Bahkan darah yang sempat meleleh itu Ia sesap tanpa sisa.
Perlahan seperdelapan dari luka bakar diwajahnya membaik, namun masih butuh banyak lagi janin yang dibutuhkannya.
"Terimakasih.. Kau sudah membantuku dalam masa pemulihan" ucap makhluk itu yang tak lain adalah Nini Maru.
"Sama-sama Ni.. Aku juga melakukan ini karena ada timbal balik yang akan Aku dapatkan dari semua ini" jawab Bayangan hitam itu dengan nada sumringah.
Sementara itu, Didi dan Dino berjalan mengarah kewarung Lela. Lalu meraka masuk kedalam warung yang terbuka untuk siapa saja karena memang tidak ada penutup pintunya.
Lalu mereka menyalakan Wifi gratis dari warung Mbak Lela dan mulai berseluncur didunia maya.
"Di.. Mbak Lela sakit atau gimana Ya? Koq tidak ada suaranya" ucap Dino yang merasa tidak enak dengan perasaannya.
"Mungkin sudah tidur kali , Din.." jawab Didi dengan santai, sembari menggulir layar phonselnya.
Sesaat tampak Kakek Nugroho berjalan dari arah gang rumahnya.
Lalu Didi menoleh kearah pria senja itu. "Tu kakek kenapa kelayapan malam-malam, Sih?" ujar Didi sembari melirik kearah pria senja itu.
Dino ikut melirik apa yang dilihat oleh Didi. "Iya, Ya.. Tapi koq lama-lama tu kakek kelihatan sedikit muda ya, Di" Dino menimpali.
"Diakan nelayan, makanannya ikan terus, protein masuk terus, makanya dia makin sehat" jawab Didi lirih takut terdengar oleh Kakek Nugroho.
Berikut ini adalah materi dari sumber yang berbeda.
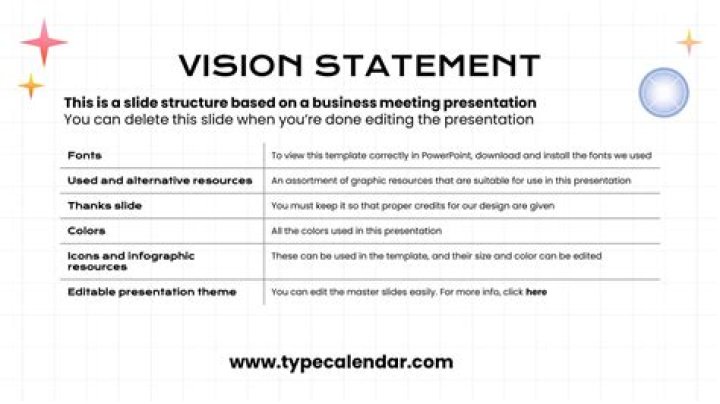 How do you write a vision statement for a product?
Pria senja itu berjalan melewati warung mbak Lela, namun Ia tidak melihat kewarung itu, seolah bersikap cuek saja.
Setelah kakek Nugroho melintas, Dino merasakan jika bulu kuduknya meremang dan mersakan sesuatu yang tak nyaman.
"Aku merasa tidak enakYa, Di" ujar Dino sembari mengusap leher belakangnya.
"Iya.. Aku juga, sama... Pulang yuk.. " ucap Didi menyarankan.
Bersamaan dengan hal itu, Lela tersadar dari tidurnya. Ia merasakan kepalanya sangat pusing, lalu Ia ingin beranjak bangkit, dan alangkah terkejutnya Ia saat melihat sepreinya penuh noda darah..
Aaaaaaargh...
Teriak Lela dengan kencang, membuat Didi dan Dino yang berniat akan pulang tersentak kaget dan saling pandang.
Lalu keduanya memutar tubuhnya dan menggedor pintu Lela dengan kencang.
"Mbak.. Mbak Lela, kenapa?" tanya Didi dan Dino berbarengan.
Lalu terdengar suara tangisan Lela yang diiringi dengan keluarnya darah segar yang tampak meleleh.
Karena tak juga membuka pintunya, akhirnya Didi san Dino mendobrak pintu tersebut hingga terbuka.
Mereka mendengar suara Lela yang menangis didalam kamar. Lalu keduanya mencoba membuka pintu kamar, dan mendapati Lela bersimbah darah.
"Mbak Lela? Kenapa Mbak?" tanya Didi dan Dino berbarengan. Karena sudah banyak mengeluarkan darah, akhirnya Lela jatuh pingsan.
Lalu Dino segera menghubungi ambulance agar Lela segera mendapatkan pertolongan.
Setelah beberapa menit kemudian, lalu mobil ambulance datang dengan suara sirene yang meraung-raung. Sesaat setelah mobil itu berhenti didepan warung Lela, dan tampak petugas kesehatan membawa tubuh Lela kedalam ambulance.
Hal tersebut membuat warga yang selama ini hening merasa penasaran dan mulai mengintrogasi kedua pemuda yang pertama kali menemukan Lela dalam kondisi bersimbah darah.
Kedua pemuda itu hanya menjelaskan seadanya, karena mereka juga tidak mengetahui apa yang sebenarnya terjadi pada janda tanpa anak tersebut.